We all face difficult times, here Nice, there Turkey and last the axe and knife attack of a seventeen year old Afghanistan in a regional train in Southern Germany. The killing of innocent people means many no longer think life is sacred enough nor that the hardest but then most fulfilling way is the non violent one. I wish that in Libya, for example, the smell of the sea returns and therefore drives out the smell of blood.

In that spirit we know more than poetry is needed to rectify our peace efforts, but it is a tremendous start with Medellin given such a huge example.

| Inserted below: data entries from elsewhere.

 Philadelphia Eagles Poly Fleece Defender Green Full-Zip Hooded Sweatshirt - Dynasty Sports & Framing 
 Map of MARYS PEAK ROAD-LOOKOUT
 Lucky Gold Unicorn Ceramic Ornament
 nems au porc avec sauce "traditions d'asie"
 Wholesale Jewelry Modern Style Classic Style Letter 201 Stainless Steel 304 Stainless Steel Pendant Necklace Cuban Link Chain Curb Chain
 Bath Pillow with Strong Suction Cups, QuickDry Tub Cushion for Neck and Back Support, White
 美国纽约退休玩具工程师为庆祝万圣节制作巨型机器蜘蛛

With warmest regards to all, and again my deepest thanks as well,

Hatto Fischer
Berlin 19.7.2016

1. On 22 June, Interarts and BOZAR launched the first expert seminar of Culture and arts supporting social cohesion in Latin American cities - LAIC, a project funded by the European Commission and running until July 2017. Followed by a public debate, the seminar brought together more than 20 researchers, cultural managers, cultural directors and architects from Latin America and Europe, offering an opportunity to make comparisons between contexts whilst also highlighting contemporary challenges related to cities, cultural cooperation and the identification of best practices in both continents. For the latter, Medellin in Colombia is often quoted as a new model for urban development and culture, in spite of a complicated past, proving that the relation between cities and culture remains a key challenge for numerous decision-makers, artists and cultural operators across the globe. The LAIC project aims at facilitating exchange and joint action and supporting peer learning on the linkages between culture and development for Latin American artists and cultural operators, as well as triggering joint dialogue with their European counterparts. The project should create opportunities for Latin American creators, especially those from Lima (Peru), San Salvador (El Salvador), Curitiba (Brazil), Medellin (Colombia) and Puebla (Mexico), to work and implement projects in the field of culture and urban social cohesion. The next activity will be a workshop organised in Medellin later this year. In 2017, an exhibition at BOZAR will showcase several arts-driven initiatives in Latin America focusing on social cohesion and urban development.